Regarding the handling of platformName, each step is able to evaluate the entire set of defined capabilities. Filtering reduces the number of capabilities that must be evaluated on each step by eliminating irrelevant values.

The goal of this RFC is to replace the current arbitrary disparities in how extension capabilities are handled with a defined pattern to differentiate "identity" values from configuration options. This will enable vendors to explicitly select the treatment they need, and it will remove the ambiguities currently faced by Grid creators and Grid users.

@VietND96
Copy link
Member

In DefaultSlotMatcher, there is a comment for platformVersion

private Boolean platformVersionMatch(Capabilities stereotype, Capabilities capabilities) {
/*
This platform version match is not W3C compliant but users can add Appium servers as
Nodes, so we avoid delaying the match until the Slot, which makes the whole matching
process faster.
*/

When you are reading Appium v2 docs. You will see 2 ways to pass the platformVersion

  1. { "appium:platformVersion": "14" }
  2. { "appium:options": { "platformVersion": "14" } }

I think we should remove this platformVersionMatch to avoid confusion. Let users define explicitly as above.

@VietND96
Copy link
Member

Filter out capabilities containing goog:, moz:, ms:, or se:

This is valid. For example, if you consider the case of Apple, we can add its vendor prefix too.
Moreover, I think we had a long discussion in this PR #14485. Where we propose that skip capability something like $cloud:options, $vendor:options from slot matcher. Whether users set via node stereotypes or request capabilities, those options will be merged and sent to particular vendor only.

@VietND96
Copy link
Member

Another thing that I can see is if you are referring to the Appium test through Grid using Relay Node. The matching is involved another implementation in RelaySessionFactory.java. So, if the request passes DefaultSlotMatcher and is assigned to Relay Node, if it isn't matching the logic in test(), you also can see the error SessionNotCreatedException("New session request capabilities do not " + "match the stereotype.")); from RelaySessionFactory

@sbabcoc
Copy link
Contributor Author

sbabcoc commented Mar 31, 2025

@VietND96 The platformVersion capability should be treated as an "identity" value, which means that it must be declared as appium:platformVersion under the specifications defined by this RFC. There would be no need for Step 3, so the platformVersionMatch method would be eliminated.

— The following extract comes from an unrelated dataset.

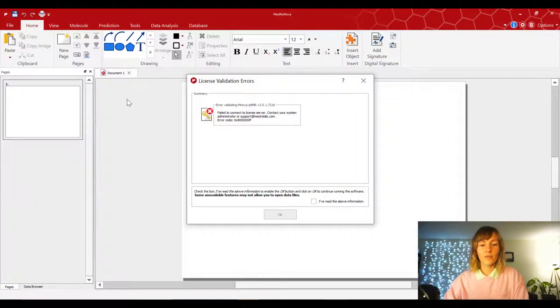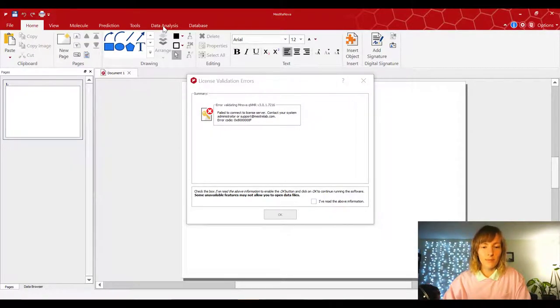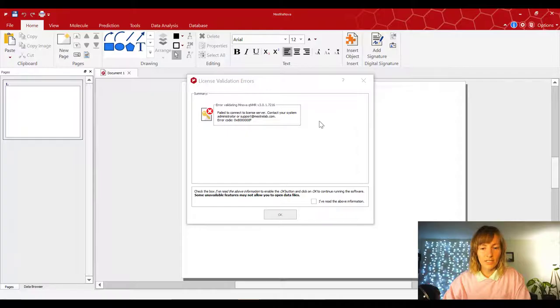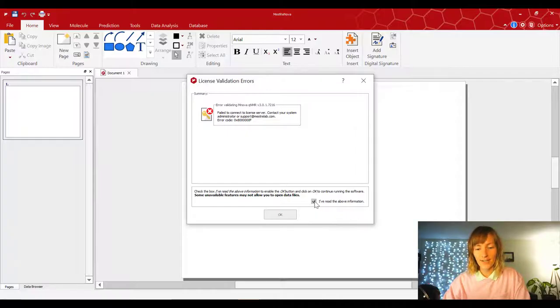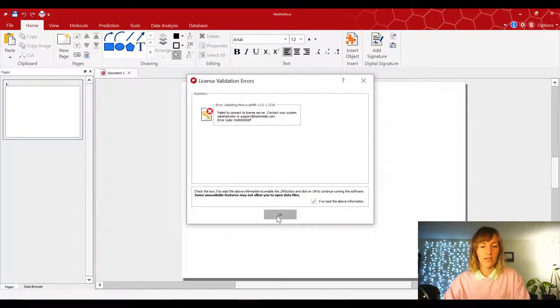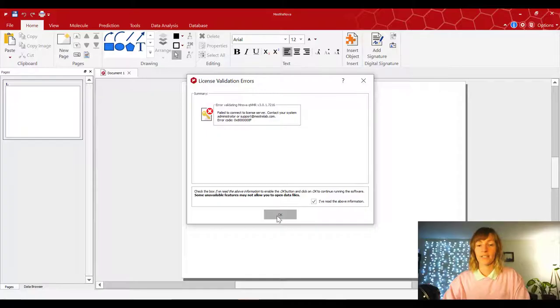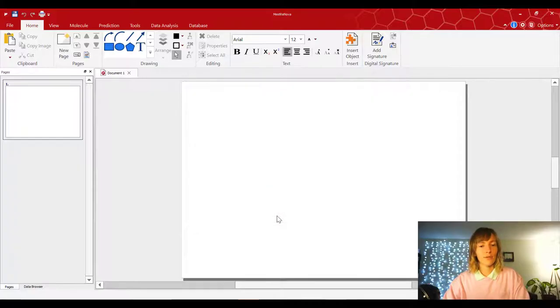Alright, now that your MNOVA software is open, sometimes some of you might be getting this error message. Just select the I've read the above information and click OK. Hopefully that doesn't hamper your ability to actually use this software.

To treat all prefixes uniformly, all extension capabilities except those beginning with se: will be treated as configuration options, which will not be considered for slot matching. Extension capabilities ending with options, Options, loggingPrefs, or debuggerAddress will also be treated as configuration options.

The matching performed by RelaySessionFactory will also be revised to remove Appium-specific implementation. The updated matching performed by DefaultSlotMatcher will no longer require this implementation.

@VietND96
Copy link
Member

I am not sure how you can test with platformVersion. Immediately, Grid will throw the error

selenium.common.exceptions.WebDriverException: Message: Illegal key values seen in w3c capabilities: [platformVersion]
Stacktrace:
java.lang.IllegalArgumentException: Illegal key values seen in w3c capabilities: [platformVersion]
at org.openqa.selenium.remote.NewSessionPayload.lambda$validate$5(NewSessionPayload.java:163)

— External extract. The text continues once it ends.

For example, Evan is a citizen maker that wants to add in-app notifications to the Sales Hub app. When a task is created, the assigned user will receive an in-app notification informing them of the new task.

Here is the Appium tests through Grid that I tried locally, for both hybrid browser session and native app, it works - https://github.com/NDViet/test-grid-relay-appium

@sbabcoc
Copy link
Contributor Author

sbabcoc commented Mar 31, 2025

The extension capability appium:platformVersion is totally W3C compliant. This value cannot be specified without its appium: prefix. Since this capability will be treated as an "identity" value, it will be evaluated against available slot stereotypes to determine which node matches the desired capabilities.

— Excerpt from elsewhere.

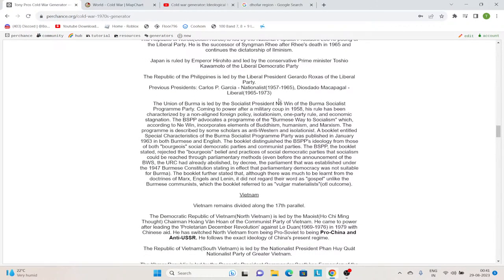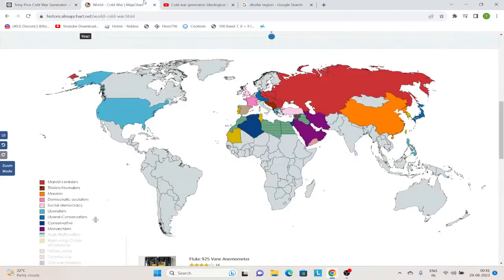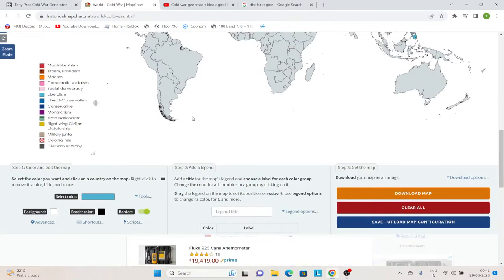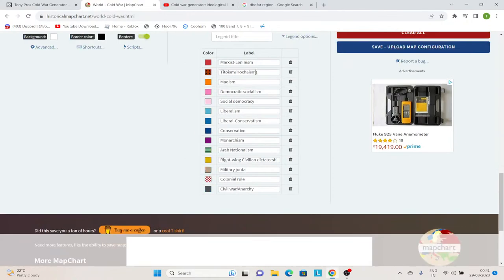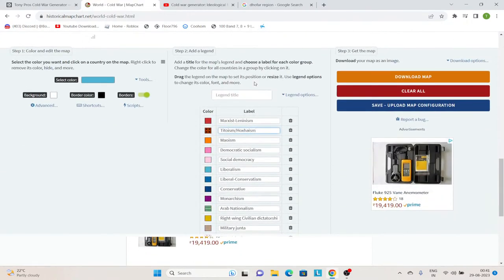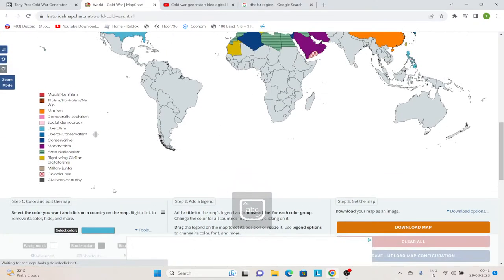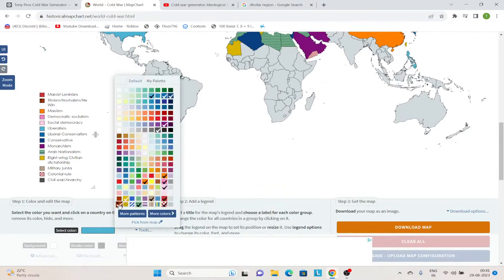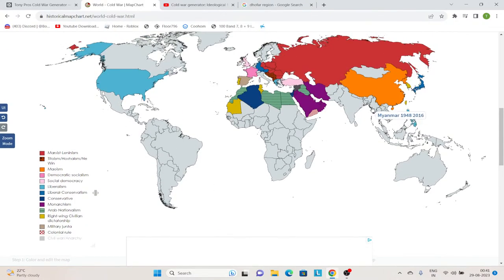Then we have the Union of Burma, led by the socialist president Ne Win of the Burma Socialist Programme Party. There is no clear way to say what these people are. He is a member of the non-aligned movement, but he is a hardline socialist. I will add him alongside Titoism and Hoxhaism.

I have an open PR that implements the patterns of this RFC here: #14485

@sbabcoc
Copy link
Contributor Author

sbabcoc commented Apr 2, 2025

@VietND96 Appium works with Grid though Relay, but the way we've implemented extension capability support is inconsistent and inflexible. My local-grid-parent project is able to stand up Grid instances that support all flavors of Appium engines. Configuration of such instances is not trivial, and much of the complexity is rooted in the handling of extension capabilities.

@titusfortner
Copy link
Member

I agree on removing platformVersionMatch and have Appium users namespace their values with appium:

I still am confused about why we need to treat any of these keywords as "non-identity" values. Aren't we iterating over the stereotype, not the capabilities? In which case if it isn't in the stereotype it doesn't matter?

@sbabcoc
Copy link
Contributor Author

sbabcoc commented Apr 3, 2025

@titusfortner As currently implemented, all extension capabilities with "special" prefixes are ignored for slot matching (configuration options), while all other extension capabilities are considered for slot matching ("identity" values). This is why RelaySessionFactory currently contains Appium-specific implementation - to filter out a value merged from the relay stereotype that would otherwise cause session creation to fail.

@sbabcoc
Copy link
Contributor Author

sbabcoc commented Apr 3, 2025

The merge operation enables the relay to define common configuration options (e.g. - BrowserStack access tokens) so the client doesn't need to specify these, or even know that they exist. These serve as overridable default settings, which configure the selected node without affecting the slot matching process.

@diemol
Copy link
Member

diemol commented Apr 4, 2025

Capabilities from Google, Mozilla, and Microsoft need to be passed along to the browser driver, who can use them to match or extract values for session creation. That is why they do not need to be matched. Defining any capability with a Google, Mozilla, or Microsoft prefix does not make sense because the driver will use the values present. For example. debuggerAddress and loggingPrefs are values the driver uses when the session is created.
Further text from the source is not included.